TORONTO, ONTARIO--(Marketwire - Sept. 26, 2011) - Gemoscan Canada, Inc. ("Gemoscan" or the "Corporation") (CNSX:GES) (MUN:1GE) is pleased to announce that, in compliance with CNSX policies, the closing of the first tranche of its previously disclosed non-brokered private placement is scheduled for September 28, 2011 for gross proceeds of C$620,000 (the "Offering"). Under the Offering, the Corporation issued 1,771,428 units (the "Units") at C$0.35 per Unit. Each Unit consisted of one Class A share ("Common Share") and one half of one Common Share purchase warrant (the "Warrants"). Each whole Warrant will entitle the holder to purchase one Common Share of the Corporation (the "Warrant Share") at a price of C$0.55 per Warrant Share and all Warrants will expire no later than September 28, 2013. In connection with the Private Placement, finder's fees may be payable. The Private Placement and finder's fees are subject to applicable regulatory approvals.
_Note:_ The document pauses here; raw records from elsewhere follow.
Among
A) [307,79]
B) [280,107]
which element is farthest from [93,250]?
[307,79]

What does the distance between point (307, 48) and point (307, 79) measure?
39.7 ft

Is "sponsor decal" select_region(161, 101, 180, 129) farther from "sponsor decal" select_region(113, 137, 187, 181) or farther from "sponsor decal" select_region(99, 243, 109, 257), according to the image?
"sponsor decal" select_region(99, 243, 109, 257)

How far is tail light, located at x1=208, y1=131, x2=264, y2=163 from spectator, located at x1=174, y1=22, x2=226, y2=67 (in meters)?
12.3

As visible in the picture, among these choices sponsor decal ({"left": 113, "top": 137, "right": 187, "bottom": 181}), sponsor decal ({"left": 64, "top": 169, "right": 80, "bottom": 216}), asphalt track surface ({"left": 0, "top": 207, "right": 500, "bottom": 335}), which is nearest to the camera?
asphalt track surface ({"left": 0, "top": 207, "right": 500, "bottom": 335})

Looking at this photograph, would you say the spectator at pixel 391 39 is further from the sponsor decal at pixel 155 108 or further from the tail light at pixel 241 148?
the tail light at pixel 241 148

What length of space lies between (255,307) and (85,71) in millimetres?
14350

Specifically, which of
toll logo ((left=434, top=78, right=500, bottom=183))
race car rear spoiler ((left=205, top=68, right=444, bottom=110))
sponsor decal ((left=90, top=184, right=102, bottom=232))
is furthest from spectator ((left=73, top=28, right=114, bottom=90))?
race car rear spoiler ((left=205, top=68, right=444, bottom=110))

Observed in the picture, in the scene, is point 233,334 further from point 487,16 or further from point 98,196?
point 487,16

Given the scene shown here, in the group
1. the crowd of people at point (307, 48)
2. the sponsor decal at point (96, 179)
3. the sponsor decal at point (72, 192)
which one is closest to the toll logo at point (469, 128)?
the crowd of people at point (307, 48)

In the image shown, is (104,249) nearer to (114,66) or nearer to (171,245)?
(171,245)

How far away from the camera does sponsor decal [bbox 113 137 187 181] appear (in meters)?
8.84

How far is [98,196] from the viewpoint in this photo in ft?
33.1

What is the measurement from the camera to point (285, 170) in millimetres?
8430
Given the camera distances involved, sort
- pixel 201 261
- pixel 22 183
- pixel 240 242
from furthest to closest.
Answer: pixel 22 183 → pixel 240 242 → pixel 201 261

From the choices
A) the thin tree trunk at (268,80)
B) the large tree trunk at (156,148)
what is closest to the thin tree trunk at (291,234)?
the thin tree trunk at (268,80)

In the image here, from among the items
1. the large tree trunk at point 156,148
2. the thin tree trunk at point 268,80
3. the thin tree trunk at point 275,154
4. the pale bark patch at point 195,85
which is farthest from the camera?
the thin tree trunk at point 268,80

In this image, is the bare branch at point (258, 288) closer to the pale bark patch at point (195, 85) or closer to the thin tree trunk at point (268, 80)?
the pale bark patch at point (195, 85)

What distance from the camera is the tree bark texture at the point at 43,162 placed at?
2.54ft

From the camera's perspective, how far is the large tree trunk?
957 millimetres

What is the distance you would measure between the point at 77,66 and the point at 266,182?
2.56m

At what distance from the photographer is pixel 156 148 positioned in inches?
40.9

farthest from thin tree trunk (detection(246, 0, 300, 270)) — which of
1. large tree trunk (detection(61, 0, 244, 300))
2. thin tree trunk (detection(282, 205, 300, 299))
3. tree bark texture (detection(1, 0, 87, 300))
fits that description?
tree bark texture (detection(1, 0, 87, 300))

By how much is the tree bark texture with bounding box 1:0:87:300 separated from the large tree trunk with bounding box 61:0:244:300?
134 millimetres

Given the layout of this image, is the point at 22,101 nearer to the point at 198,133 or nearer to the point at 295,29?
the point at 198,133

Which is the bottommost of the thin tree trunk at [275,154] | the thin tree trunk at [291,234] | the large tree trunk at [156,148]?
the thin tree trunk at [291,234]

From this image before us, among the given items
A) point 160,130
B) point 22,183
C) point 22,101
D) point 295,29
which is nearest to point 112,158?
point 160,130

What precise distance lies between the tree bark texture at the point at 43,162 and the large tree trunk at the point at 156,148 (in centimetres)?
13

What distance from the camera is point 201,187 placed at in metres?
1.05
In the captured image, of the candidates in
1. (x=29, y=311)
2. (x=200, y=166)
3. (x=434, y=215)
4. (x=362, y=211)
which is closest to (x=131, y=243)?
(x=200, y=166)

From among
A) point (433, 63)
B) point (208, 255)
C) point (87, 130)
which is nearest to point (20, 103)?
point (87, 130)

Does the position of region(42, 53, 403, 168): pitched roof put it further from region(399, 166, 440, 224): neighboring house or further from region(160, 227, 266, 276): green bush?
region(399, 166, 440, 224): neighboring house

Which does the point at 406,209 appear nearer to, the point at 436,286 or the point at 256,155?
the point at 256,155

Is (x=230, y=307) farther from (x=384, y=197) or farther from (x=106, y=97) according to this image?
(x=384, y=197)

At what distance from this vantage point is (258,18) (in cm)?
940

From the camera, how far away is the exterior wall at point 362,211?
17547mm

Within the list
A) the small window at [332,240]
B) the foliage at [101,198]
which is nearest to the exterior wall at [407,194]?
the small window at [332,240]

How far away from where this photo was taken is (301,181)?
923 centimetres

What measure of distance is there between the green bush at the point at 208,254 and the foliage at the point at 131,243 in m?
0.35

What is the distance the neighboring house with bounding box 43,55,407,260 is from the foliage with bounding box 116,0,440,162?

Proceeds from the Private Placement will be used to enhance the Corporation's cash position and strengthen its working capital position. The securities issued will be subject to a four-month plus one day hold period from the date of closing. Post closing, Gemoscan has a total of 22,861,433 Common Shares outstanding.
Gemoscan is a company listed and trading on the Canadian National Stock Exchange, symbol: GES.
The CNSX has not reviewed and does not accept responsibility for the adequacy of this release.